As far as quota system test is concerned, I have modified the threshold to 100% to suppress the problem.

granders · 2015-10-06T17:32:52Z

@lindong28
Doesn't upping the threshold to suppress the failure defeat the purpose of this particular test?

I would think it'd be better to have a test that fails + a followup JIRA to investigate whether the failure is real than a false pass.

ewencp · 2015-10-06T17:36:41Z

Agreed it defeats the purpose of the test. Didn't something like this come up at some point during the evaluation of the original patch, maybe in one of the unit tests or something?
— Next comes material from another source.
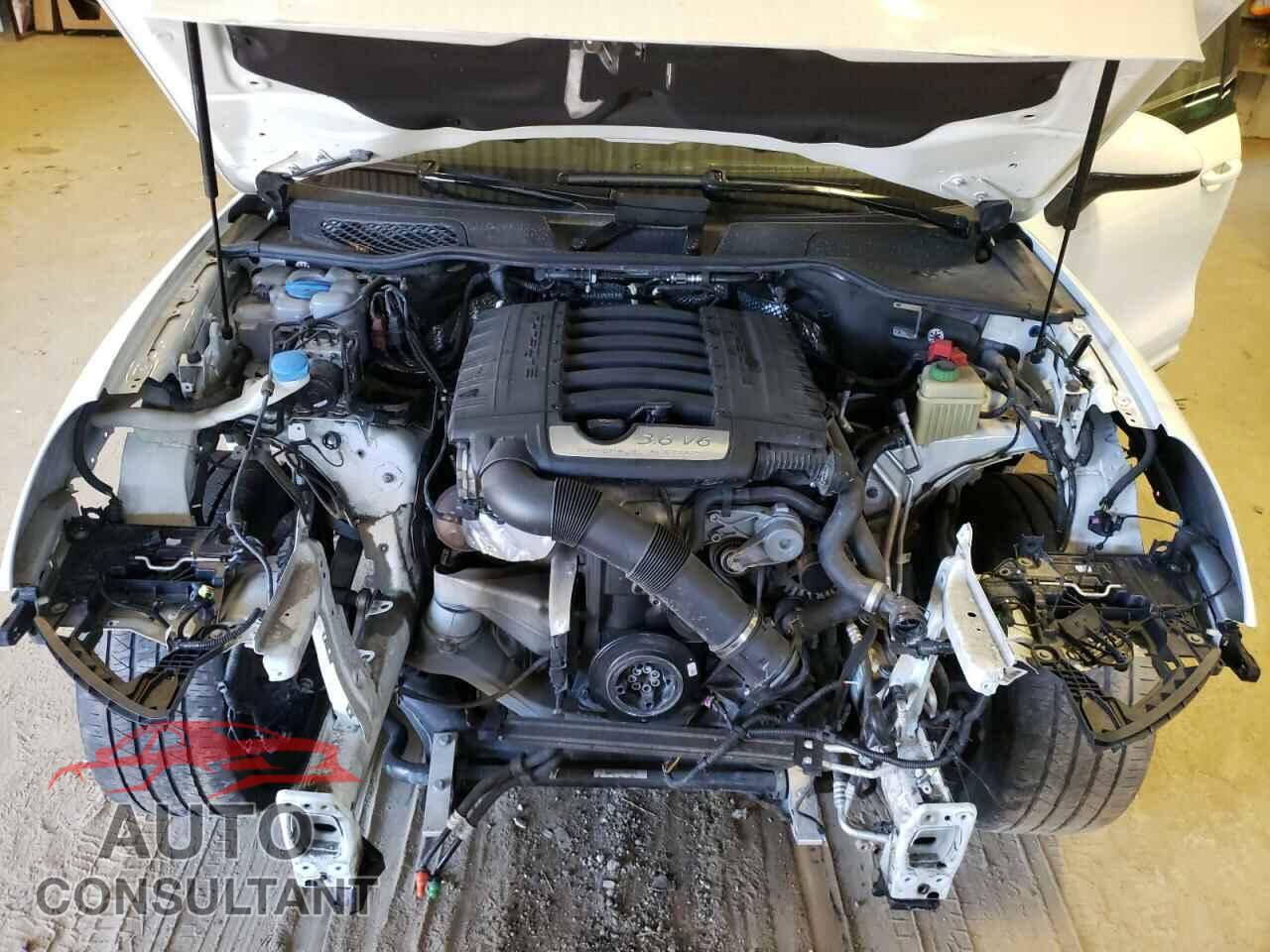 PORSCHE CAYENNE 2017 - WP1AA2A27HKA82949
I think one proposed possibility was that the windows used to compute stats for the quota system and for metrics was different, which could account for the difference.
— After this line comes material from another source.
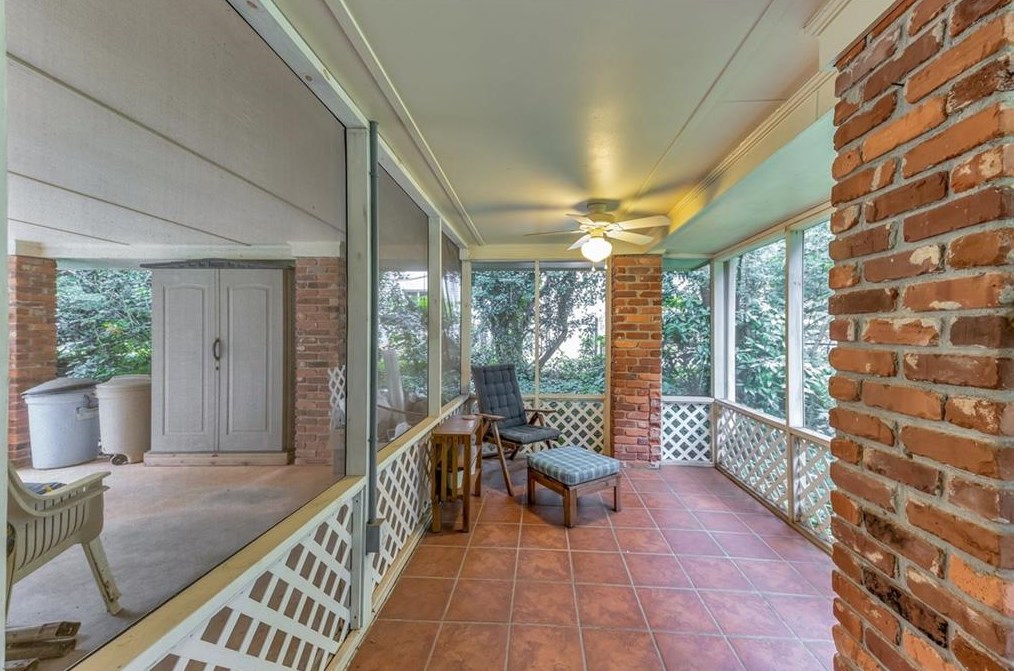 2000 Hollidon Rd, Decatur GA  30033-1023 exterior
granders · 2015-10-06T17:44:21Z

fyi - this is essentially a parametrized test, so you could express it that way:

change "run_clients" -> "test_quotas", and then:

from ducktape.marks import parameterize ... @parameterize(producer_id="default_id", producer_num=1, consumer_id="default_id", consumer_num=1) @parameterize(producer_id="overridden_id", producer_num=1, consumer_id="overridden_id", consumer_num=1) @parameterize(producer_id="overridden_id", producer_num=1, consumer_id="overridden_id", consumer_num=2) def test_quotas(self, producer_id, producer_num, consumer_id, consumer_num): stuff...

It'd also be nice to use default values on the method parameters so the @parametrize annotations only have to specify the parameters that are overridden.

@granders I haven't seen any use of this feature in kafkatests. Does this allow developer to specify test names, e.g. test_overridden_quota, so that we can get an idea of what the test is in the report?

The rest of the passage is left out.